Items from a data source
----

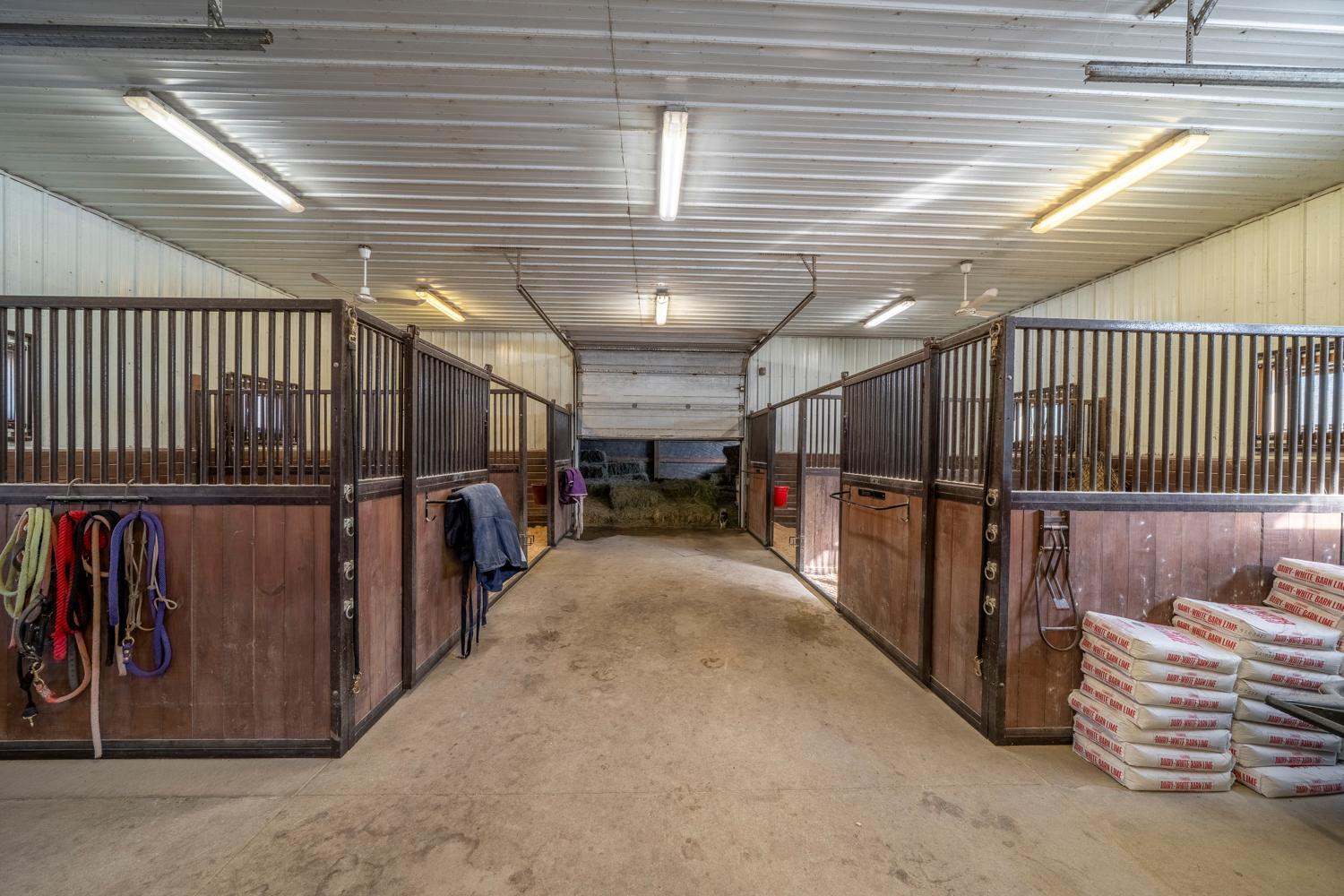 main property photo 45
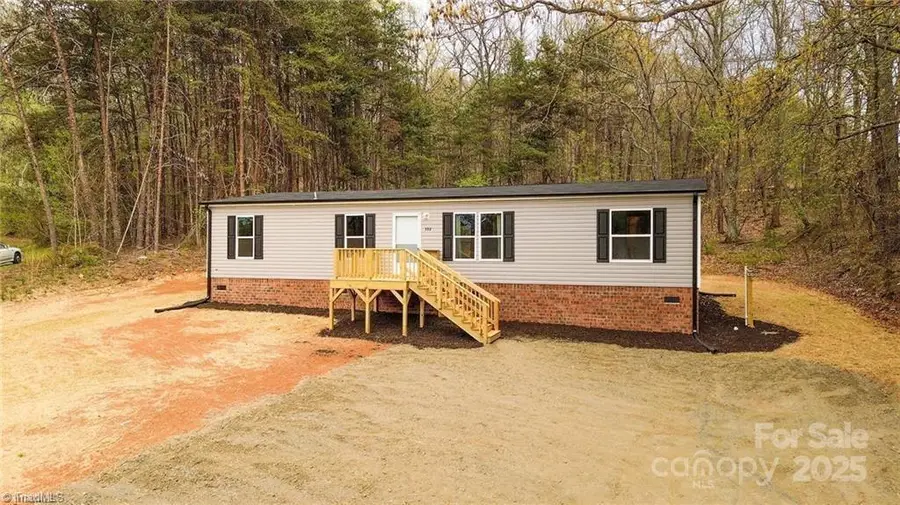2113 Green Haven Court, Morganton, NC 28655 - Image #3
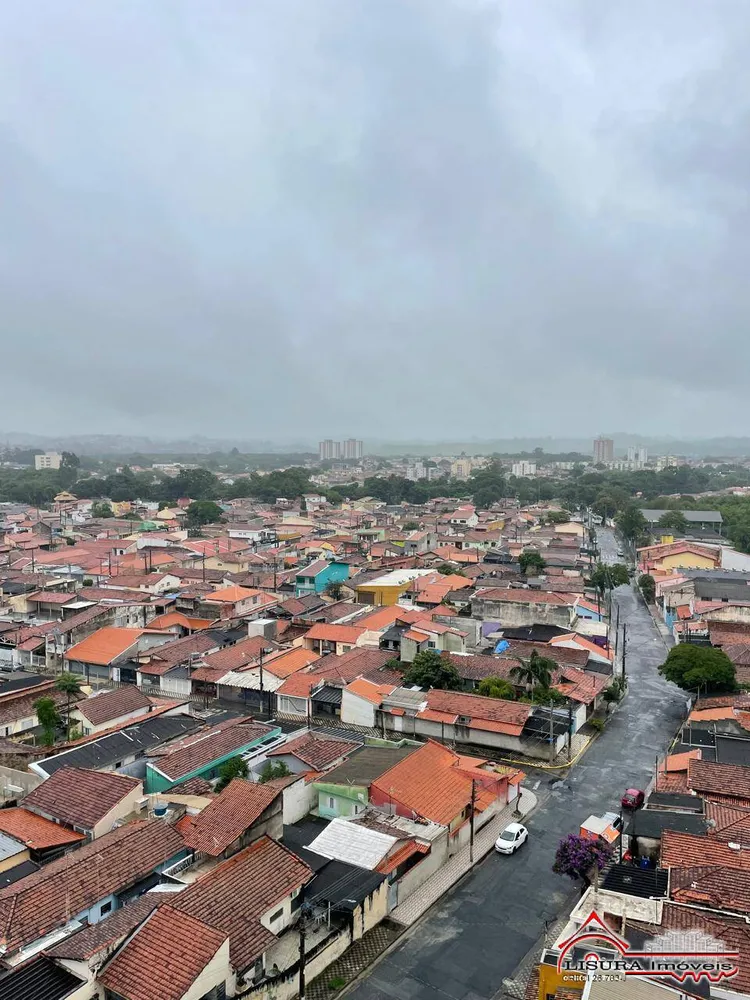 Apartamento, 2 quartos, 64 m² - Foto 15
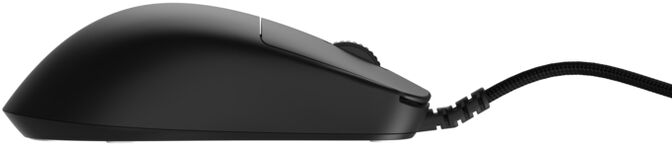 Rato Gaming Endgame Gear OP1 8K V2 - Black image number 5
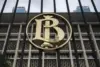 BI Pangkas Suku Bunga ke 5,25% untuk Dukung Konsumsi & Stabilkan Rupiah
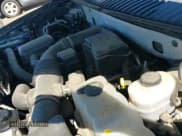 ✅ 2010 Ford Expedition Eddie Bauer • VIN: 1FMJU1H59AEB53135 • Lot: 42230655. Listed on IAAI with 176,873 mi. Free auction sales archive from the USA and detailed vehicle history report at DreamBid. Image 19.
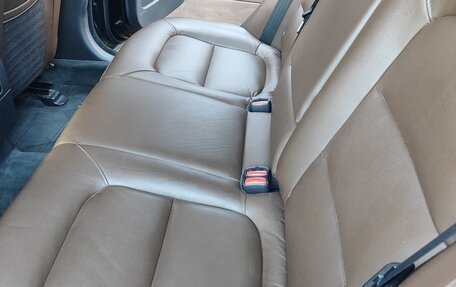 Volvo XC70 II рестайлинг, 2015 год, 2 150 000 рублей, 10 фотография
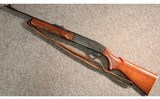 Remington ~ 742 Woodsmaster ~ .308 Winchester - 11 of 11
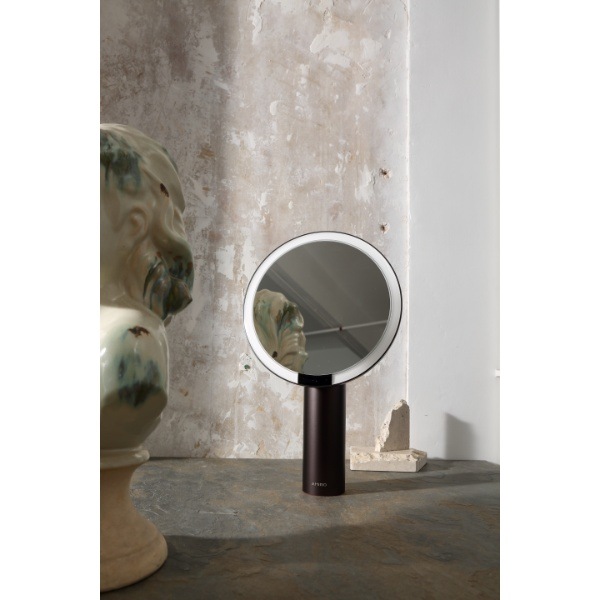 ߸˸¤ꡡAMIRO Oath ͥߥ顼 LED饤ȥߥ顼 Ѷ ѥߥ顼 ߥ顼 8 USBż ֥å    ߡ̵(̳ƻ졦Υ)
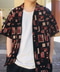 thumbail5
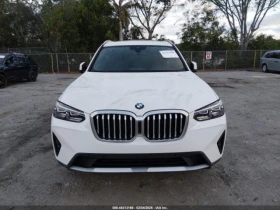 BMW X3 SDRIVE30I* ДИГИТАЛНО* ТАБЛО KEYLESS*  - 23580 € / 46118.47 лв. - 33174104 9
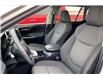 2023 Toyota RAV4 XLE (Stk: 23B8378) in Sherwood Park - Image 23 of 30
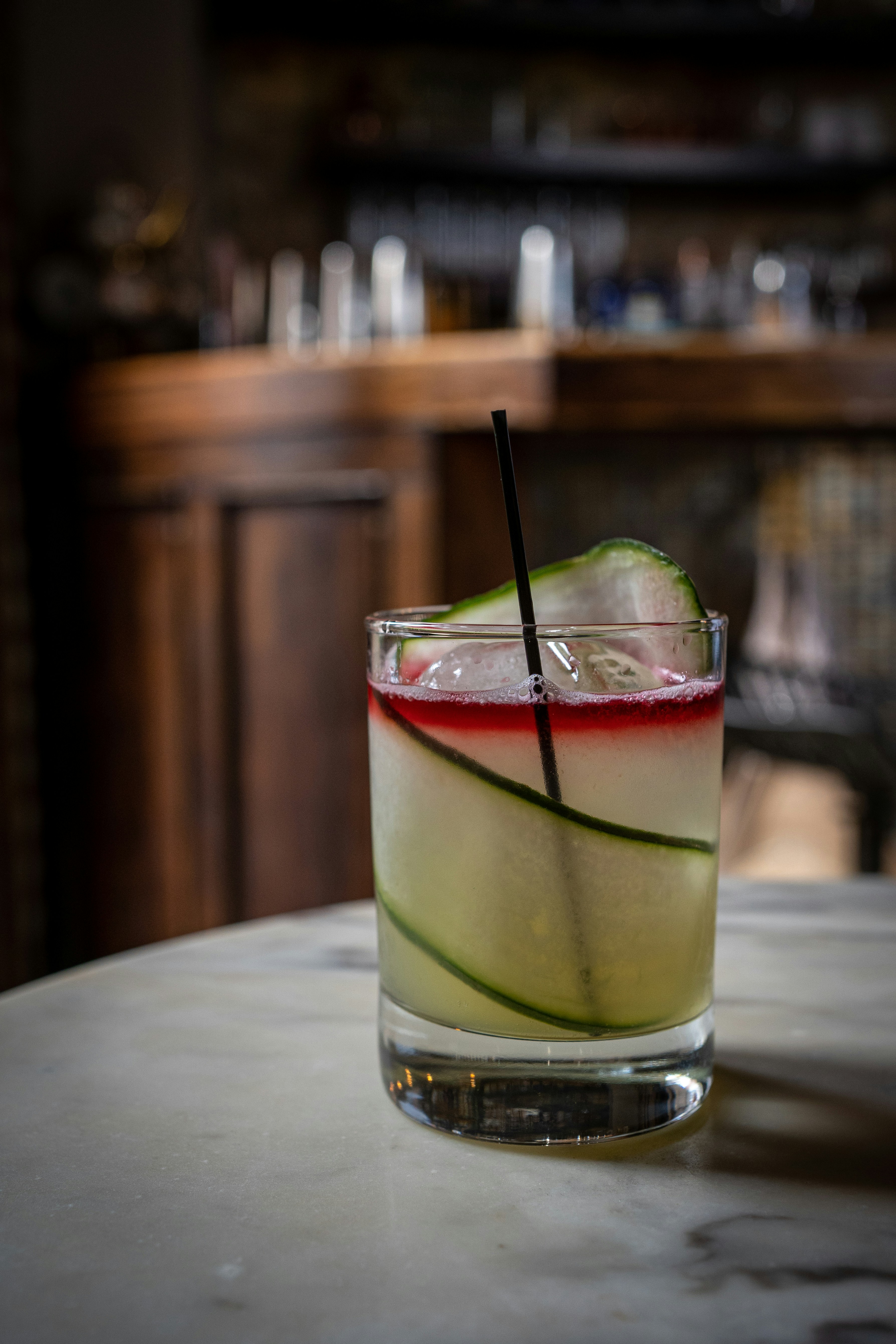 Photo by alexgoesglobal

----

* _Problem to solve_:
Each line above has to be returned exactly. Drop the pictures.

* _Result_:
 main property photo 45
2113 Green Haven Court, Morganton, NC 28655 - Image #3
 Apartamento, 2 quartos, 64 m² - Foto 15
 Rato Gaming Endgame Gear OP1 8K V2 - Black image number 5
 BI Pangkas Suku Bunga ke 5,25% untuk Dukung Konsumsi & Stabilkan Rupiah
 ✅ 2010 Ford Expedition Eddie Bauer • VIN: 1FMJU1H59AEB53135 • Lot: 42230655. Listed on IAAI with 176,873 mi. Free auction sales archive from the USA and detailed vehicle history report at DreamBid. Image 19.
 Volvo XC70 II рестайлинг, 2015 год, 2 150 000 рублей, 10 фотография
 Remington ~ 742 Woodsmaster ~ .308 Winchester - 11 of 11
 ߸˸¤ꡡAMIRO Oath ͥߥ顼 LED饤ȥߥ顼 Ѷ ѥߥ顼 ߥ顼 8 USBż ֥å    ߡ̵(̳ƻ졦Υ)
 thumbail5
 BMW X3 SDRIVE30I* ДИГИТАЛНО* ТАБЛО KEYLESS*  - 23580 € / 46118.47 лв. - 33174104 9
 2023 Toyota RAV4 XLE (Stk: 23B8378) in Sherwood Park - Image 23 of 30
 Photo by alexgoesglobal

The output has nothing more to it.